Any significant benefits at 3 or 4 bit? I have access to twice that much VRAM and system RAM but of course that could potentially be better used for KV cache.
So dynamic quants like what I upload are not actually 4bit! It's a mixture of 4bit to 8bit with important layers being in higher precision! I wrote about our method here: https://docs.unsloth.ai/basics/unsloth-dynamic-2.0-ggufs
For coding you want more precision so the higher the quant the better.
But there is discussion if a smaller model in higher quant is better than a larger one in lower quant. Need to test for yourself with your use cases I'm afraid.
e: They did announce smaller variants will be released.
I can say that this really works great, I'm a heavy user of the unsloth dyanmic quants. I run DeepSeek v3/r1 in Q3, and ernie-300b and KimiK2 in Q3 too. Amazing performance. I run Qwen3-235b in both Q4 and Q8 and can barely tell the difference so much so that I just keep Q4 since it's twice as fast.
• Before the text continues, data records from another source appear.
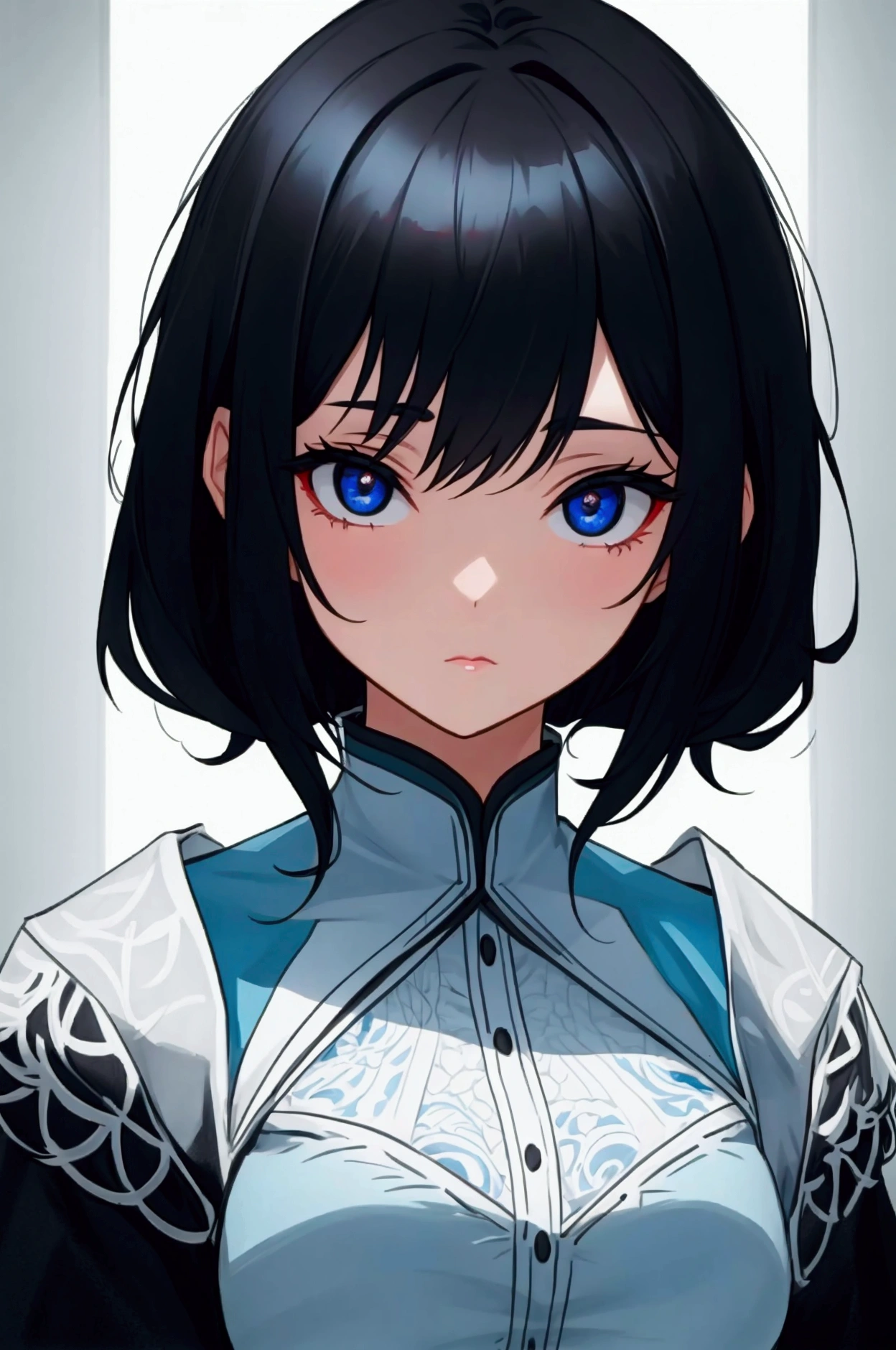 girl,black hair hidden blue light , black eyes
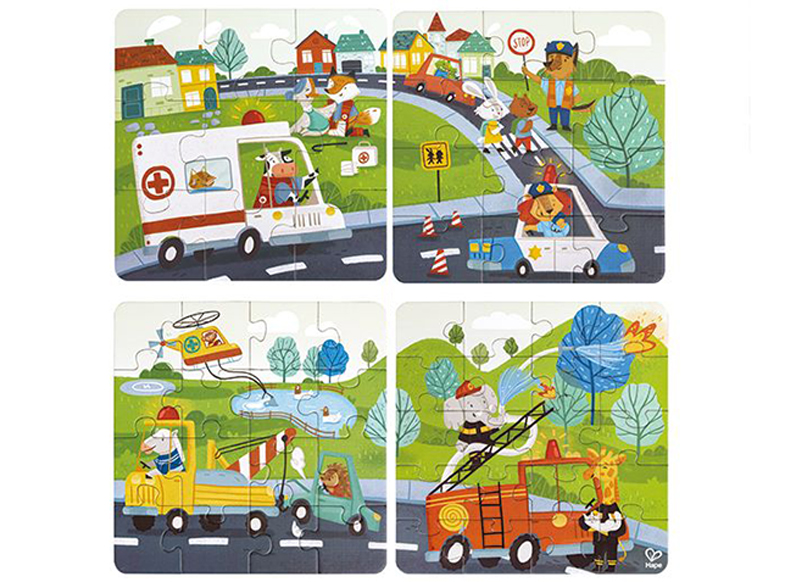 Puzzels - Hape Rescue Vehicle - 4-in 1 puzzel - hulpdiensten - karton - per stuk
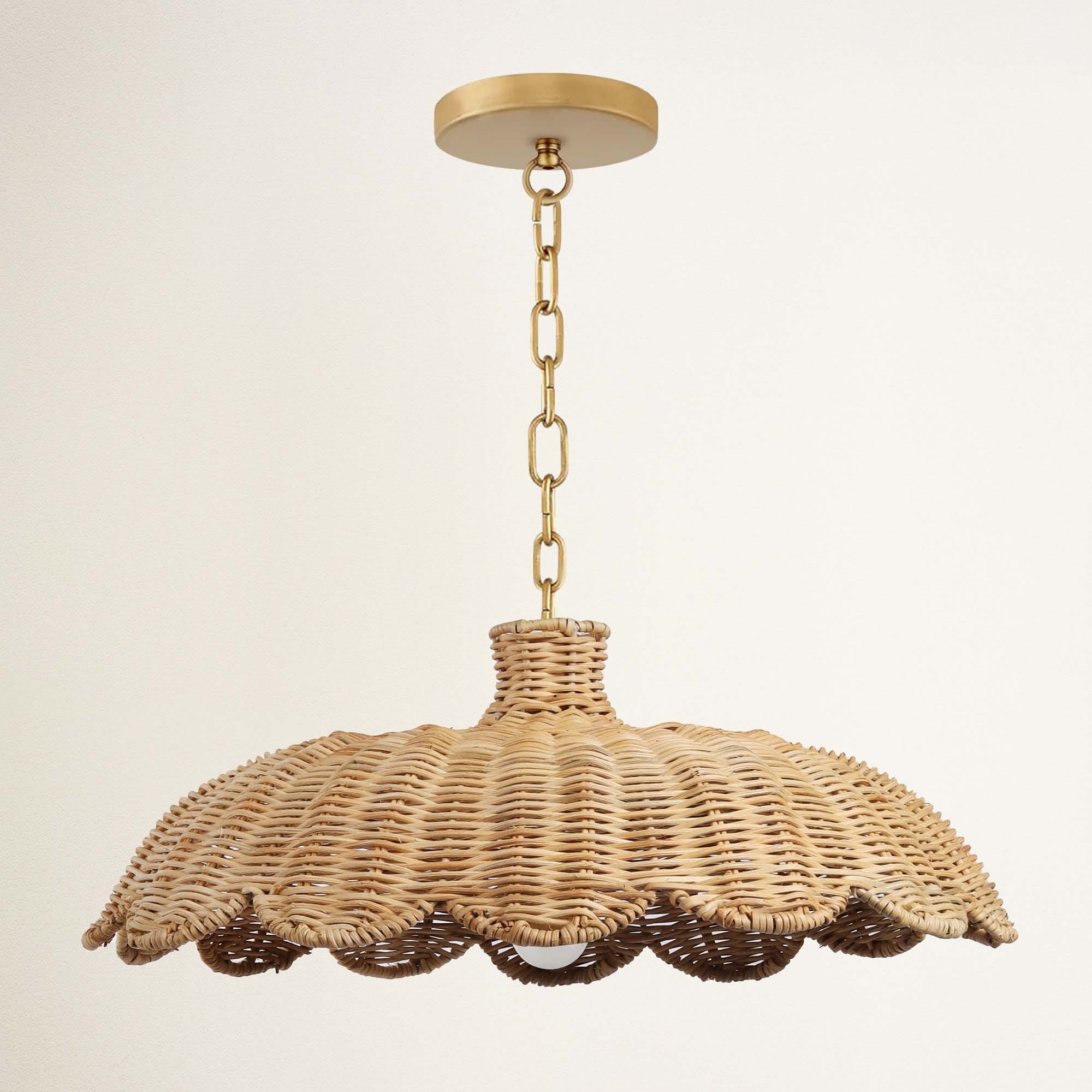Aurelia Rattan Pendant Light - Natural Dome 1-Light Handwoven Ceiling Light For Modern, Transitional, Farmhouse Room Décor.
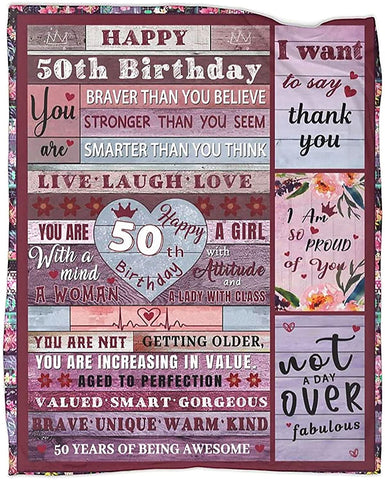 50Th Birthday Blanket 50 Year Old Throw Blankets Throws For Women Turning 50 Birthday Gifts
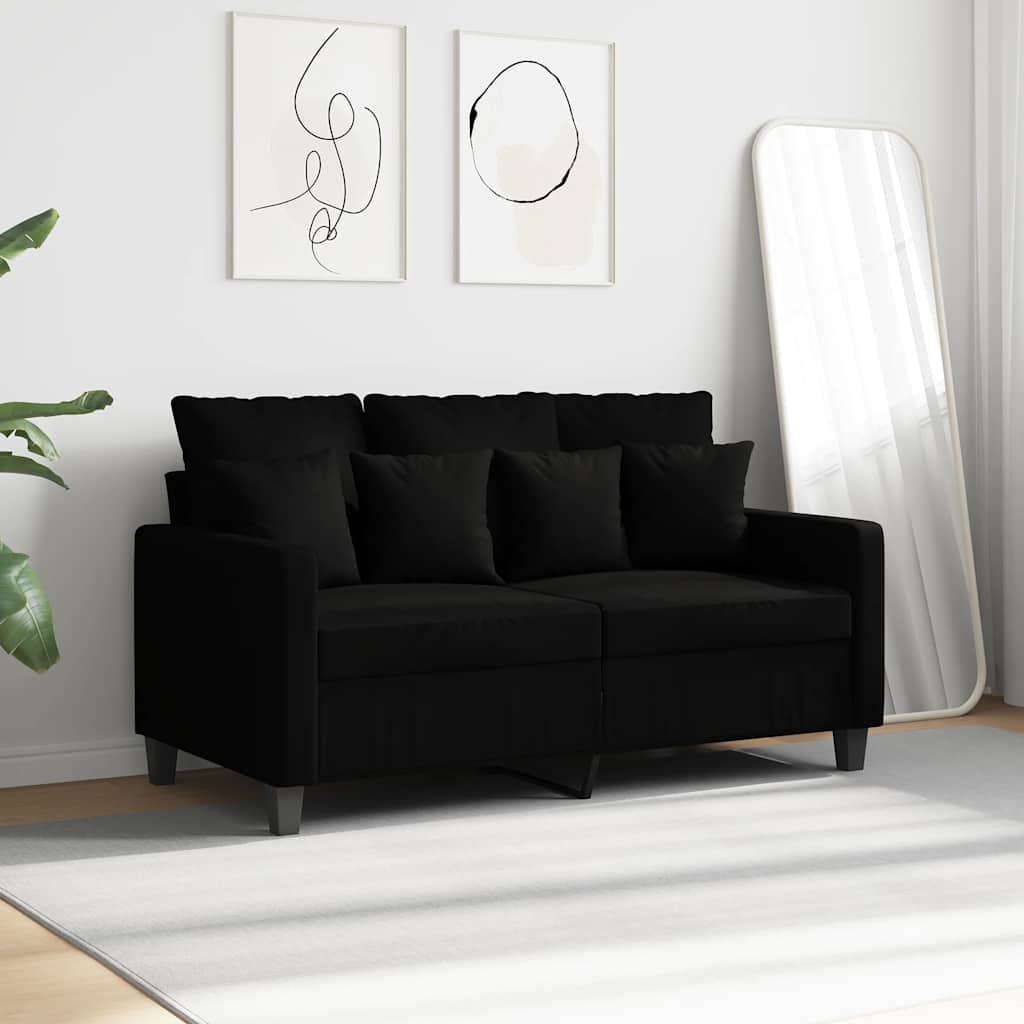 2-Sitzer-Sofa Schwarz 120 cm Stoff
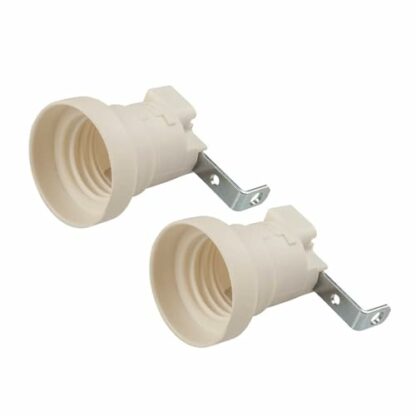 Poly Pool PP0480S Set n.2 Lampholder E27 with Square for Ceiling Lights, Screw Clamps, Ivory 2 Pieces, Plastic - Image 2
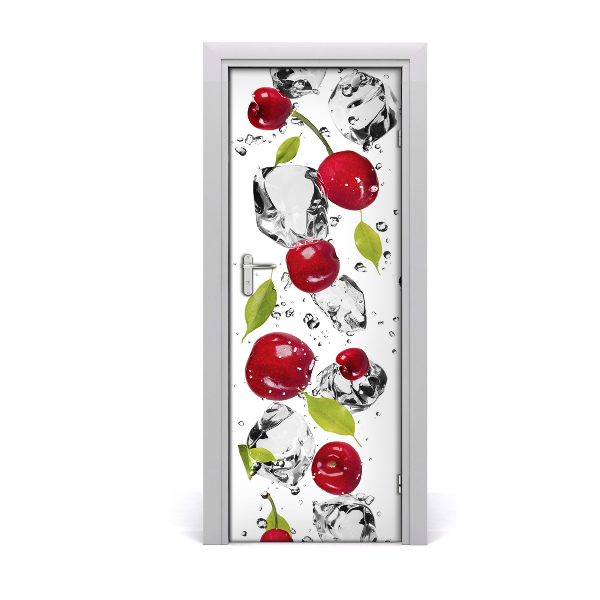 Self-adhesive door sticker Cherries and water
LLMs usually have about 3.6 bits of data per parameter. You're losing a lot of information if quantized to 2 bits. 4 bit quants are the sweet spot where there's not much quality loss.
I would say that three or four bit are likely to be significantly better. But that’s just from my previous experience with quants. Personally, I try not to use anything smaller than a Q4.